Dataset records:
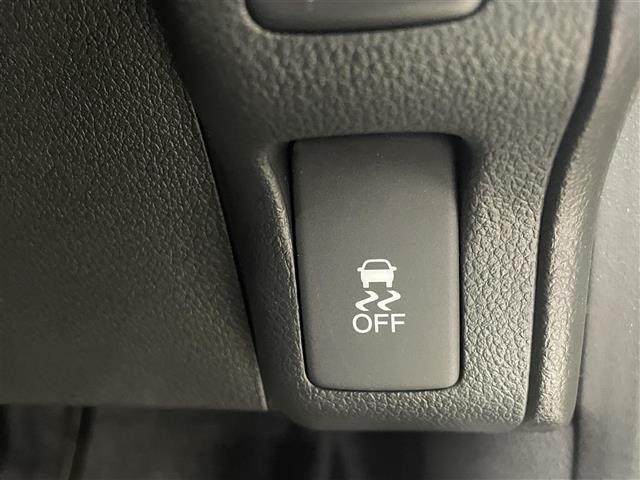 【運転席操作部】快適なドライブを楽しむための機能が装備されています！運転席から触れるので、使いやすいです！除菌プランいれていただくと、さらに清潔で安心していただけます！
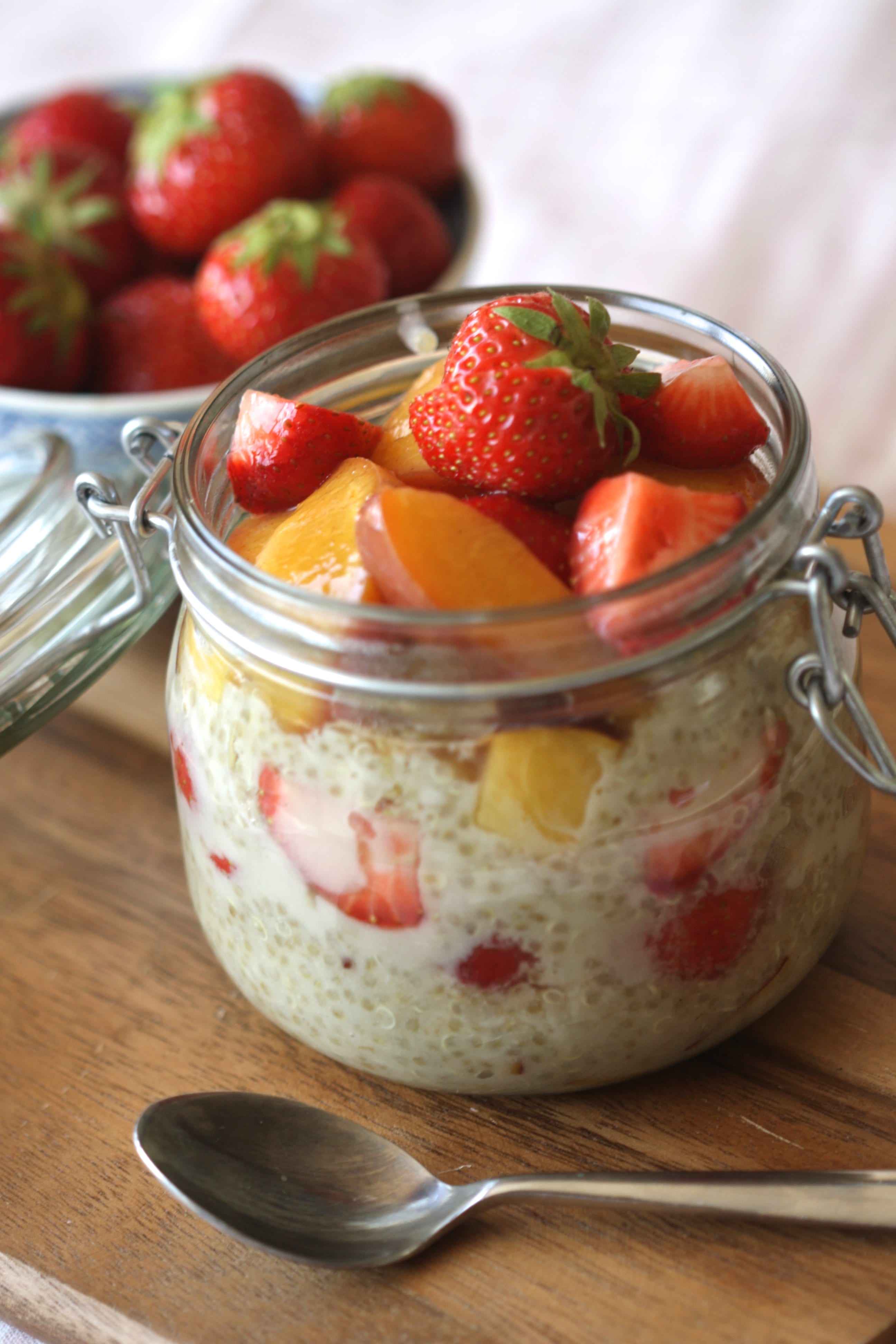 Health Buzz: Quinoa Porridge with Peach and Strawberry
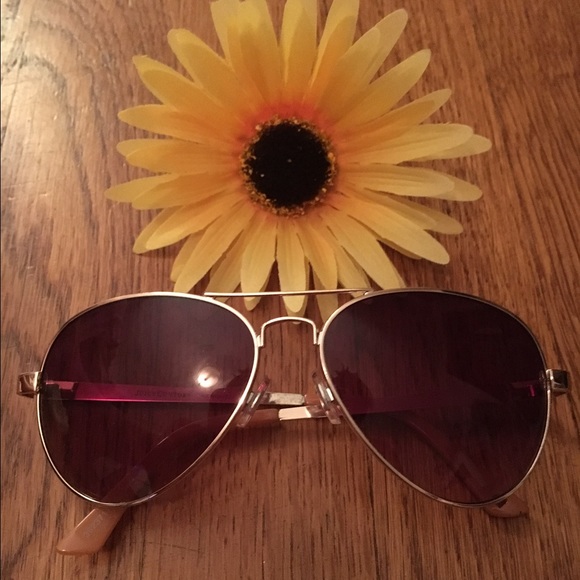 Juicy Couture Accessories - ⚫️FRIDAY SALE! juicy couture aviators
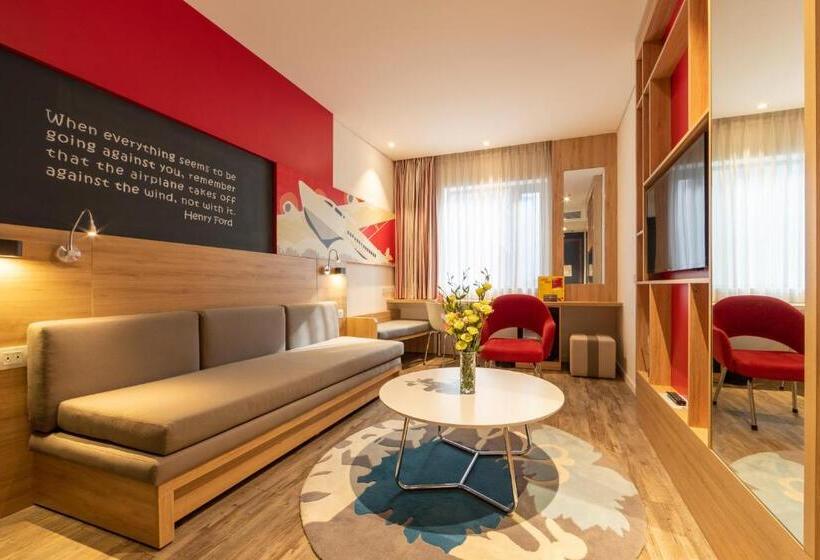 استودیوی استاندارد, Ibis Saigon Airport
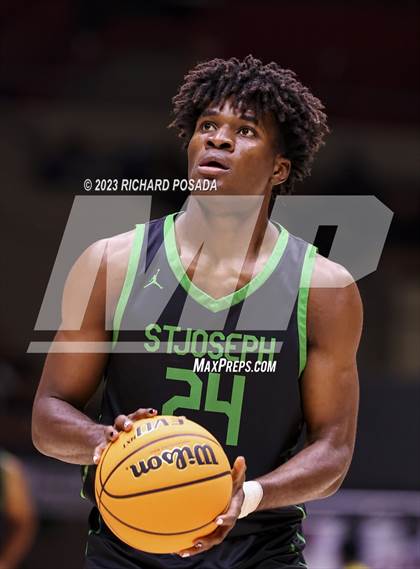 Thumbnail 3 in St. Joseph vs. Clovis West (CIF CS D1 Championship) photogallery.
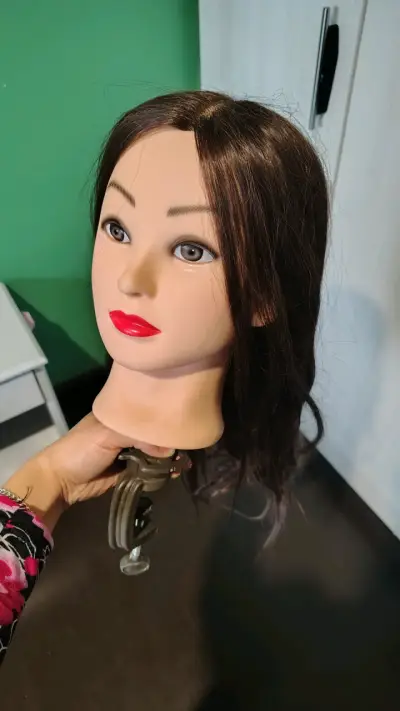 Cabeza de maniquí con cabello - miniatura 1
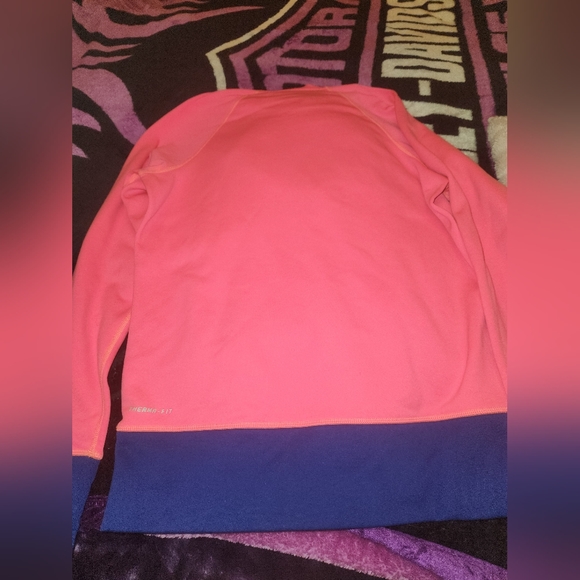 Nike Sweatshirt - Picture 2 of 3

Task brief: Nothing but the pictures should be left out when the listing above is transcribed.

Result for this exercise:
 【運転席操作部】快適なドライブを楽しむための機能が装備されています！運転席から触れるので、使いやすいです！除菌プランいれていただくと、さらに清潔で安心していただけます！
 Health Buzz: Quinoa Porridge with Peach and Strawberry
 Juicy Couture Accessories - ⚫️FRIDAY SALE! juicy couture aviators
 استودیوی استاندارد, Ibis Saigon Airport
 Thumbnail 3 in St. Joseph vs. Clovis West (CIF CS D1 Championship) photogallery.
 Cabeza de maniquí con cabello - miniatura 1
 Nike Sweatshirt - Picture 2 of 3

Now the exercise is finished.